A special class of attitudes called behavioral intentions are used to predict future behavior. Measurement efforts should specify the target, the action, the context, and the timing of the behavior (Fishbein and Azjen, 1980). For example, in predicting consumers’ likelihood to purchase a vehicle, my questionnaire item might read: “I plan on purchasing a new LS400 in the next six months from a Lexus dealer.” The target is the new LS400, the action is purchasing it, the context is a Lexus dealer and the timing is the next six months. Behavioral intentions are the best choice for predicting specific future behavior.

5) Behaviors - The only overt manifestations that are commonly measured, behaviors are usually the outcome of the attitudes, values, and personality of a person. Behaviors may be product choices, lifestyle activities, product usage, or any other overt and measurable behavior. This is typically the level where lifestyle segmentation takes place. However, you can reasonably assume that attitudes, values, and personality usually drive a person’s lifestyle. What is known as lifestyle segmentation uses behavior to infer (predict) other associated behaviors (e.g., product preferences). This approach has met with mixed success, depending on the application. Behaviors can be used as a source of segmentation or to profile segmentation based on covert levels (attitudes).
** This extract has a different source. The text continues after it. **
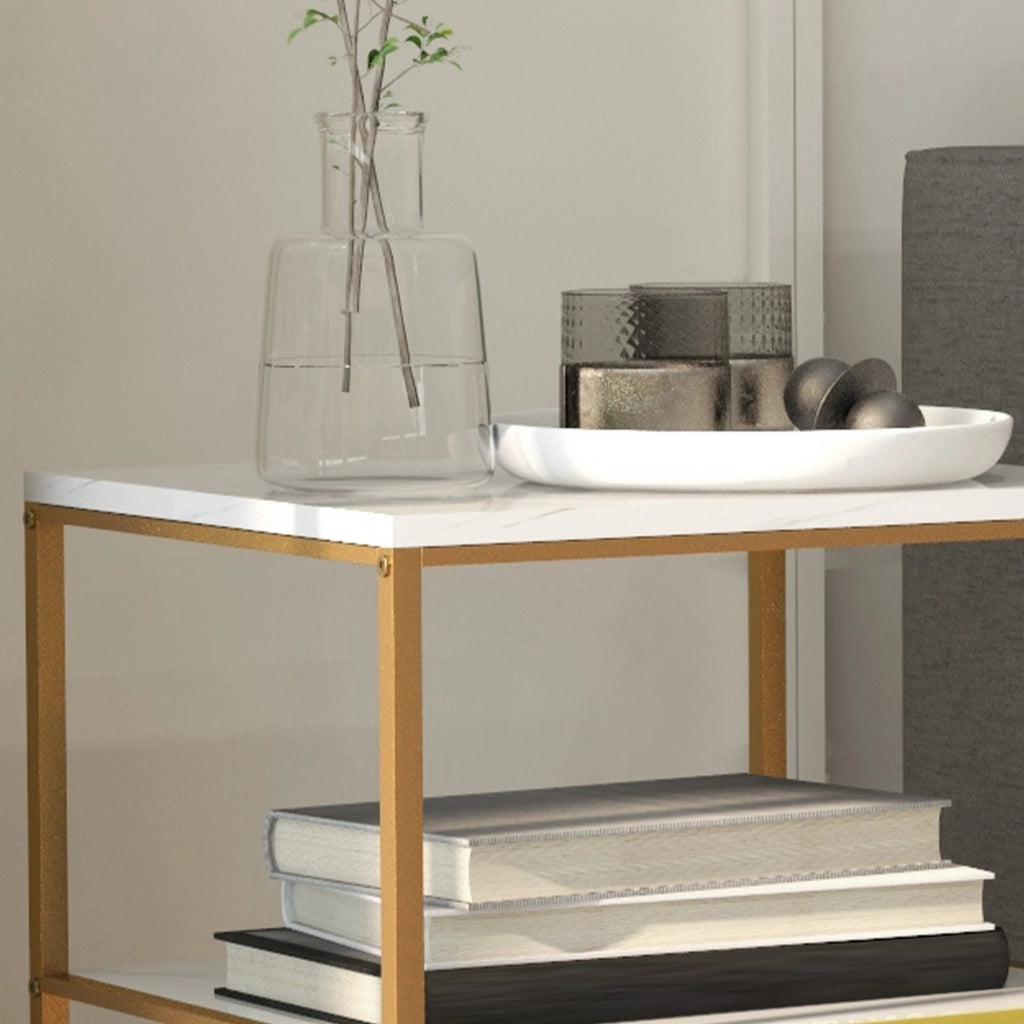 Tavolino da caff¨¨ con 2 ripiani effetto marmo e struttura in metallo dorato ¨C Minimal ¨C 44x40x54,5 cm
Obviously, they have the highest validity of prediction (they are reporting behaviors!). The same can not be said for the lifestyle application of this level (behaviors to predict other behaviors). Behaviors are also the most malleable class of attributes.

References and further reading

Ajzen, I. and M. Fishbein. Understanding Attitudes And Predicting Social Behavior. Englewood Cliffs, N.J.: Prentice Hall, 1980.

Digman, J. M. “Personality Structure: Emergence of the Five-factor Model.” Annual Review of Psychology (1990), 41, 417-440.

Kahle, L. and L. Chiagouris. Values, Lifestyles, and Psychographics. Mahwah, N.J.: Lawrence Erlbaum Associates, 1997.

McCrae, R.R. (Ed.). “The Five-Factor Model: Issues and Applications.” Journal of Personality (Special Issue). 60(2), June 1992.

McAdams, Dan P. “The Five-factor Model in Personality: A Critical Appraisal.” Journal of Personality (1992), 60, 329-361.

Myers, J.H. Segmentation and Positioning for Strategic Marketing Decisions. Chicago: American Marketing Association, 1996.

Oksamp, S. Attitudes and Opinions. Englewood Cliffs, N.J., Prentice Hall, 1991.

Rokeach, M. Understanding Human Values (2nd edition). New York: Free Press, 1979.

Wedel, M. and W.A. Kamakura. Market Segmentation: Conceptual and Methodological Foundations. Boston, Kluwer Academic Publishers, 1999.